I donated to five charities last christmas. In January I received letters from most of them looking for more money and the letters are coming regularly since. I have decided not to subscribe to them anymore as I do not want to be pestered on an ongoing basis. I now subscribe directly i.e. if a local priest or social worker is here on holiday I meet them and give donation personally. This christmas I will meet the local carol singers from the various schools who sing on the streets for charity and give to them.

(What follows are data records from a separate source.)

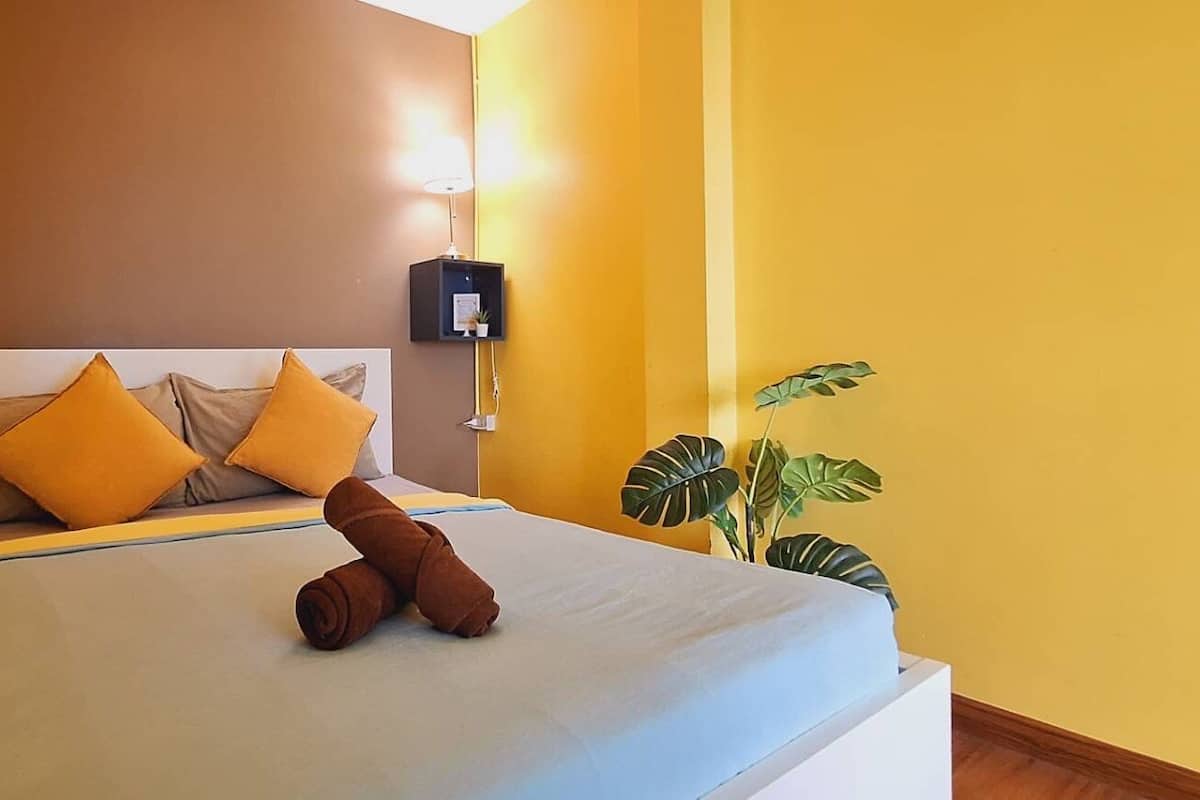 A hotel room with a bed, pillows, a bedside lamp, and a potted plant.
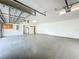 Bright three-car garage featuring white walls and ample space for vehicles and storage at 36730 Oconee Ave, Eustis, FL 32736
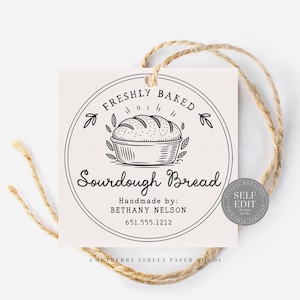 Puede incluir: Una etiqueta cuadrada de color blanquecino con un dise&ntilde;o circular que presenta un pan de masa madre. El texto dice "FRESHLY BAKED Sourdough Bread" y "Handmade by: BETHANY NELSON 651.555.1212". La etiqueta est&aacute; atada con hilo natural.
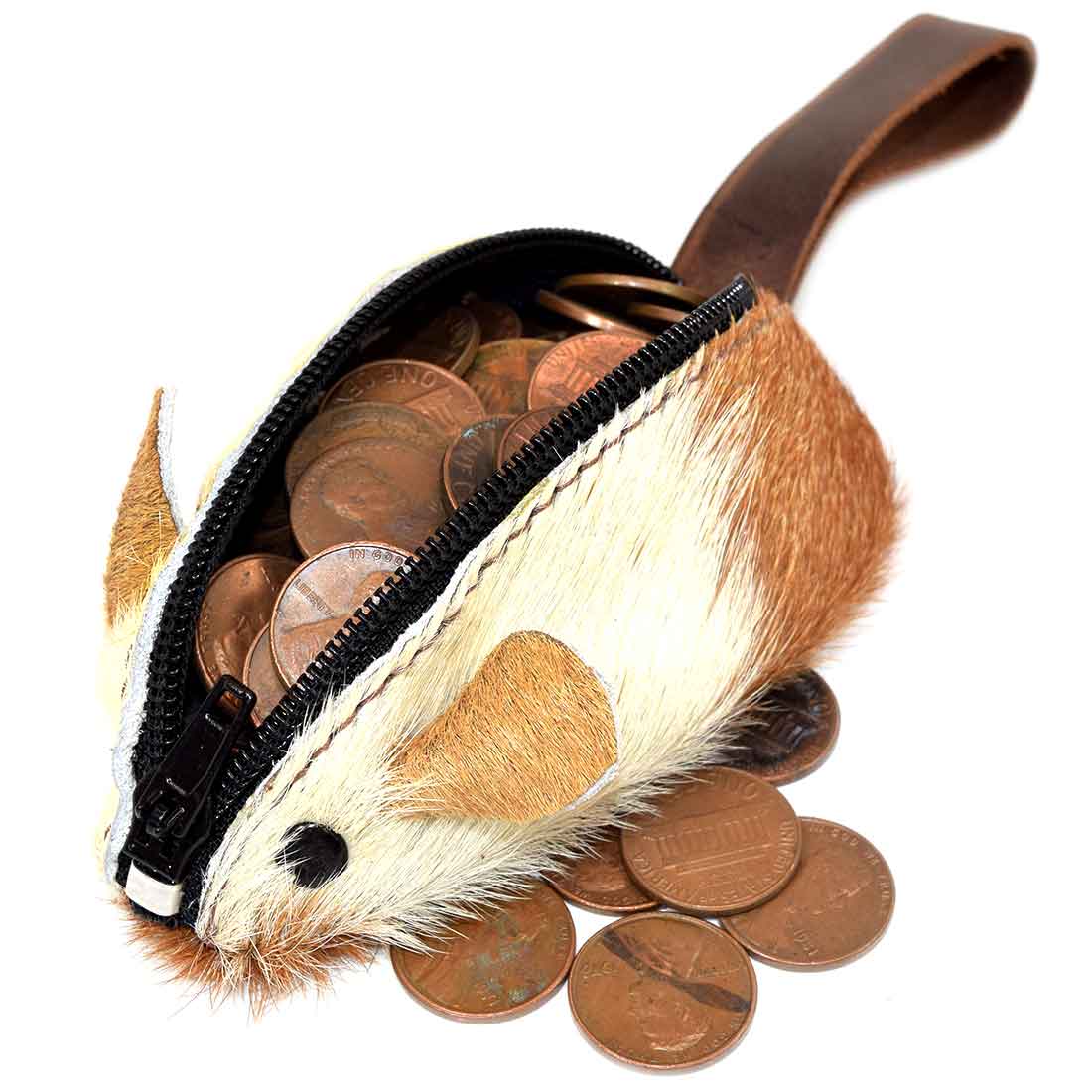 The Hide & Drink Mouse Coin Pouch in action, filled with coins, serves as an ideal travel accessory. Its delightful mouse design and quality full grain leather make this change pouch a perfect pocket case for coins, handcrafted in small batches in La Antigua Guatemala.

I will be anonymous and will have a greater sense of satisfaction.


----------



## bamboozle (1 Oct 2008)

csirl said:


> Are you aware that these people are not well meaning volunteers, but professional money collectors who get paid a cut of the proceeds?
> 
> 
> 2 points, Charities to be succesful have to be run as businesses, to raise money they need to consider paying folk to do so.
> ...


----------



## micmclo (1 Oct 2008)

csirl said:


> ever popular charity walk to Nepal or the great wall of china etc et .


 
Also known as sponsored holidays


----------



## lemeister (10 Oct 2008)

A girl I know was doing interviews for a job after finishing her degree in college - Trocaire came up trumps with the best salary of all the interviews she went for.  It certainly made my mind up for where my charitable donations would not be going.


----------



## bamboozle (10 Oct 2008)

lemeister said:


> A girl I know was doing interviews for a job after finishing her degree in college - Trocaire came up trumps with the best salary of all the interviews she went for. It certainly made my mind up for where my charitable donations would not be going.


 

You gotta spend money to make money.....if you pay peanuts you'll get monkeys etc etc


----------